(269c) Platinum Nanoparticles Encapsulated within PLGA, Treatment for TNBC, an in Vitro and In Vivo study
AIChE Annual Meeting
Tuesday, November 15, 2022 - 8:21am to 8:42am
Drug delivery systems are technologies that help enhance circulation time or targeting at the tumor site. Therefore, to avoid accumulation in the liver or spleen a drug delivery system was proposed. Poly(lactide-co-glycolide) (PLGA) particles were synthesized as a delivery system for PtNPs. PLGA is a copolymer of poly(lactic acid) (PLA) and poly(glycolic acid) (PGA), two monomers that are metabolized by the body, making PLGA toxicity minimal. The encapsulation of PtNPs within PLGA nanoparticles was performed by nanoemulsion. Moreover, to enhance the circulation lifetime of the particles, surface modifications with polymers such as polyethylene glycol (PEG) can be performed. Surface modifications with PEG are a commonly used procedure to enhance circulation-time. Furthermore, active targeting by ligands of specific biomarkers, monoclonal antibodies, peptides, and aptamers provides the most effective therapy. TNBC is defined by the lack of overexpression of the three common receptors used to classify breast cancer. Therefore, there are very few available targets. Epidermal growth factor (EGF) is a receptor that promotes cell proliferation migration and angiogenesis (development of new blood vessels). EGFR is overexpressed in many tumors including breast cancer. Therefore, many strategies based on antibodies have been studied to block EGFR. The anti-EGFR monoclonal antibody, Cetuximab, has shown promise for targeting metastatic TNBC.
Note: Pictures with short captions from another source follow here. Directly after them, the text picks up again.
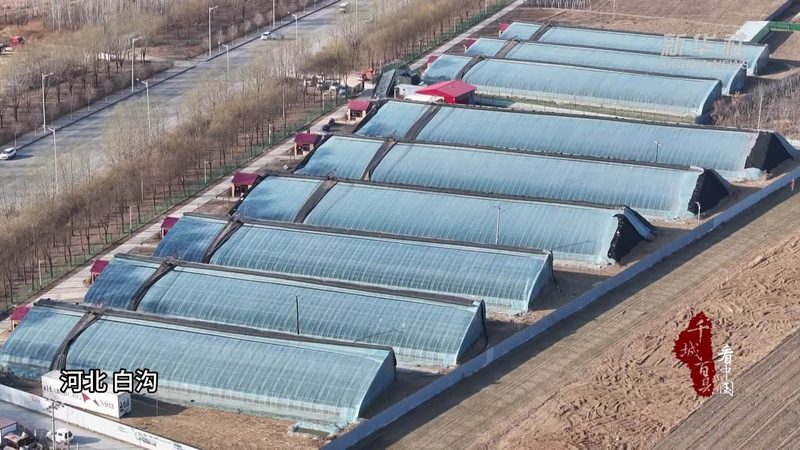 水果种植合作社加盟扶持政策：政策红利下的产业升级之路
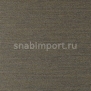 Виниловые обои Vycon Allure Y46646 коричневый — купить в Москве в интернет-магазине Snabimport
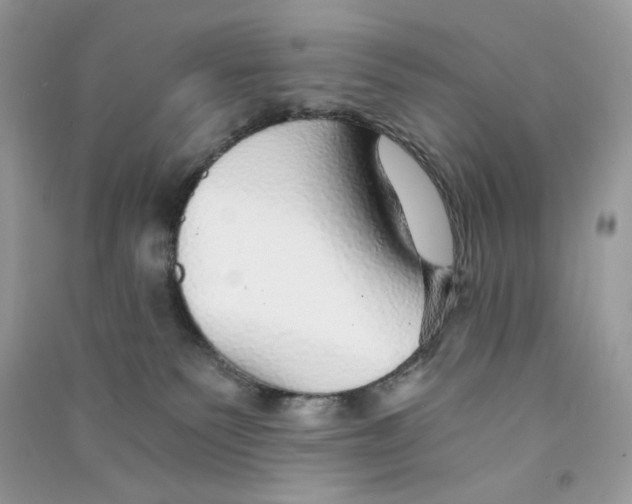 X0000090780135200708172135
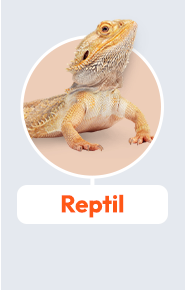 reptil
In the present study, PtNPs were synthesized, and the anticancer activity was tested in vitro against TNBC, showing a remarkable cell death. As the major drawback of traditional chemotherapy is the toxicity, cell viability experiments were also performed on fibroblasts. The results showed no apparent toxicity of Pt NPs for healthy cells in contrast to cisplatin (a common chemotherapeutic drug). Encapsulation of PtNPs within PLGA was performed by nanoemlusion with a 60% loading percentage. Surface modifications with PEG and EGFR were performed to increase circulation time, and achieve a higher anticancer effect. Different combinations of PEG/EGFR were synthesized and tested in vitro with TNBC, achieving a better efficacy using 50% PEG and 50% EGFR on particles surface. Based on the promising results achieved in vitro, the effect of bare PtNPs and 50% EGFR PtNPs were tested in vivo with mice. In summary, this work provides evidence of a potential new treatment for TNBC based on Pt NPs with no apparent toxicity for healthy cells, overcoming one of the major drawbacks of current treatments.